The form is small enough to sit on edge in a 5U space within a 42U rack, and thin enough to fit seven of them side by side on the same tray. As someone who travels for different projects, I like that I don’t have haul around my Z820 to a different country or state to be able to work. The Z2 fits nicely, even on a tiny desk. Plus, it’s practically silent — for the most part. I did manage to get the fans working overtime with a V-Ray render or converting some 8K RED footage to a ProRes QT.

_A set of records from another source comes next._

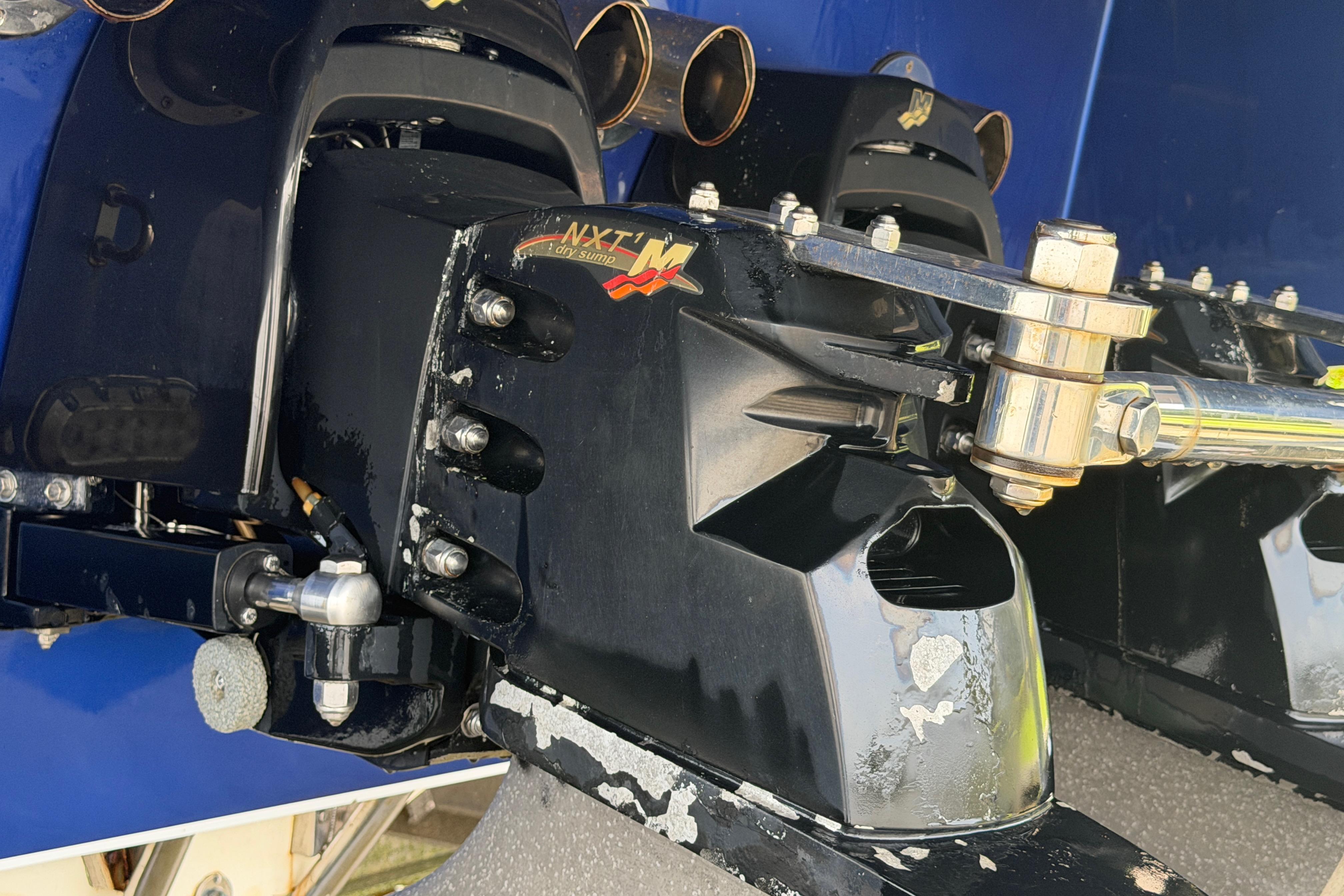 Close-up of 2013 Nor-Tech 477 SPX Vee Bottom boat engine components.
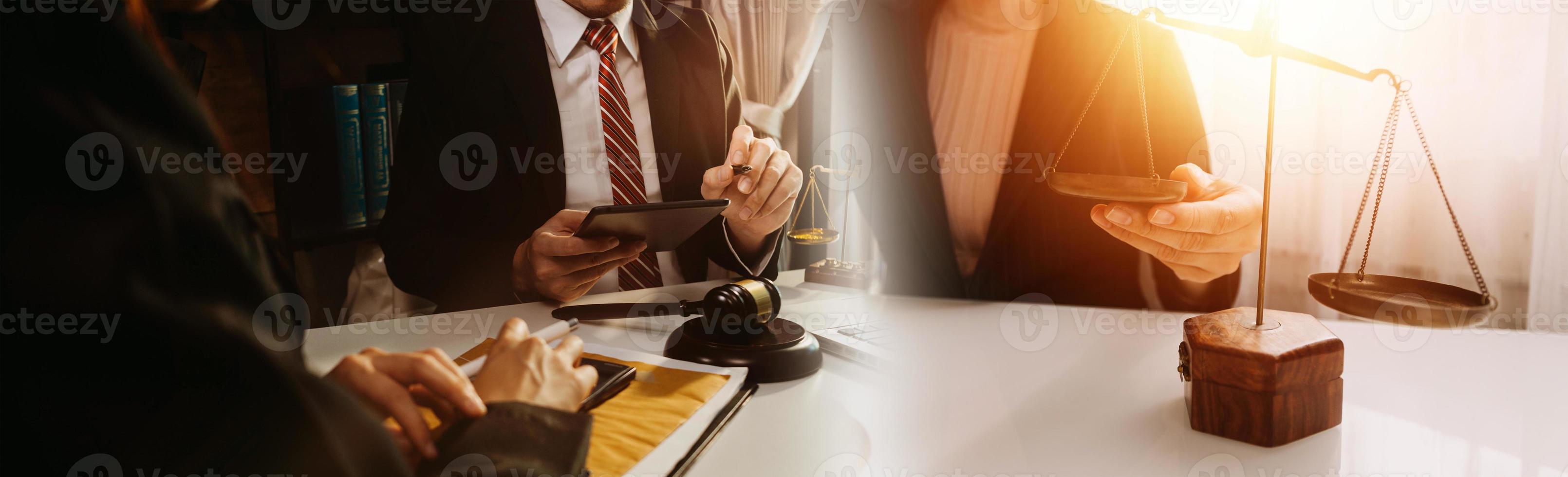 Justice and law concept.Male judge in a courtroom with the gavel, working with, computer and docking keyboard, eyeglasses, on table in morning light photo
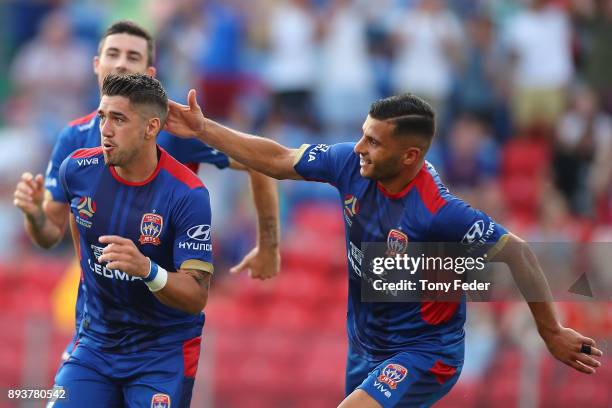 Dimitri Petratos of the Jets celebrates with team mates after scoring a goal during the round 11 A-League match between the Newcastle Jets and the...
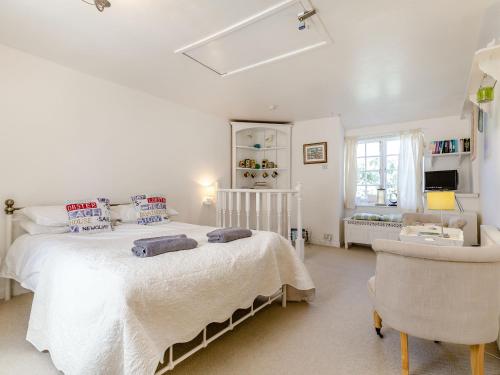 a bedroom with a large white bed and a chair at Sea View in Penzance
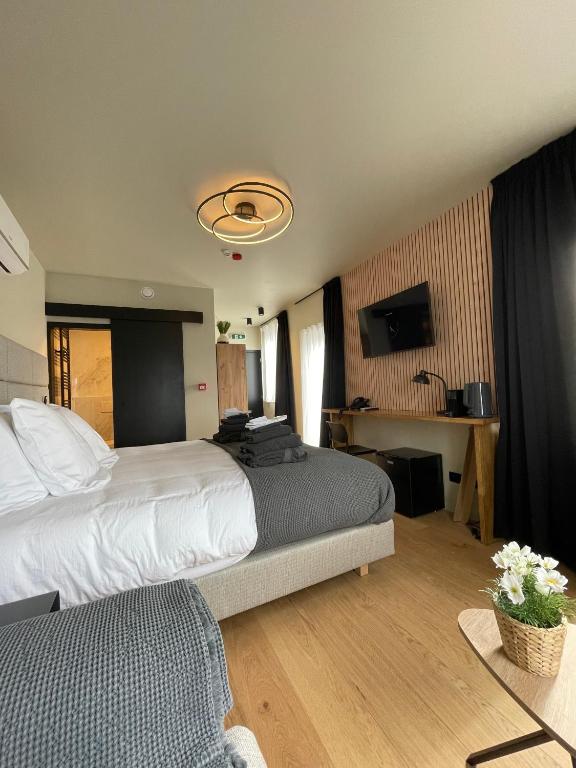 a hotel room with a large bed and a television at Hotel Mezza Notte in Ronse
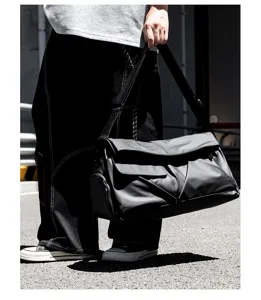 Close-up detail of the black waterproof travel shoulder bag, showing durable fabric and strap.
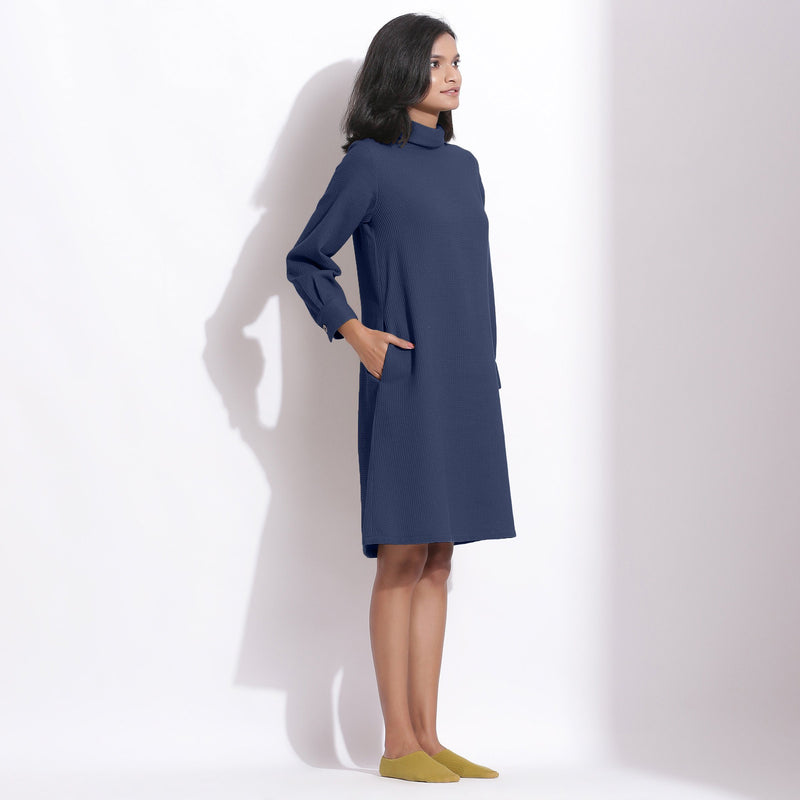 Right View of a Model wearing Navy Blue Cotton Waffle Turtleneck Dress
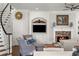 Living room with a fireplace, built-in shelving and a comfortable sectional sofa at 3674 Kingsboro Ne Rd, Atlanta, GA 30319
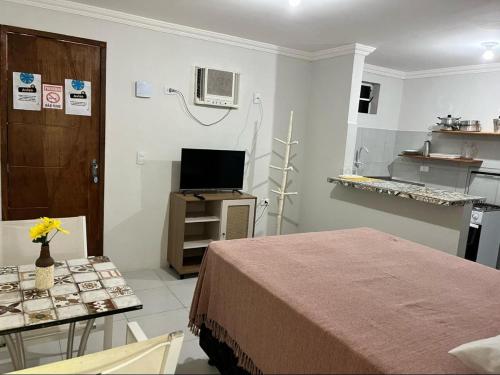 a room with a bed and a table with a tv at Villa Velha Flats in Itamaracá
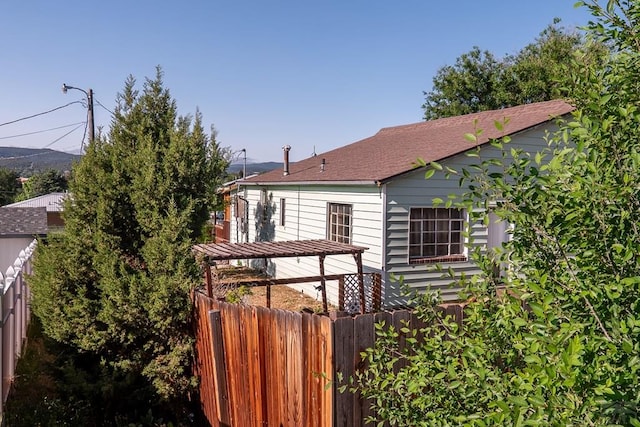 318 E Goddard Ave, Trinidad, CO 81082 - view of side of home with a shingled roof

One thing I would like to see in the future is support for external GPU enclosures so I can boost up my GPU acceleration with beefier cards. With GPU renderers like Redshift, deep learning acceleration and now real-time ray tracing, it would be fantastic to not be hindered.
The price out of the gate is $799, which will get you something for Photoshoppery and animation. But you’ll want to supe it up if you are planning for 3D/compositing/fx/etc.
All in all, the workstation has a very small physical footprint and delivers lots of power inside that tiny space. The upside against a laptop? It’s less expensive for the power. The downside? You still need a monitor/keyboard/pointer. Yup, I like it a lot!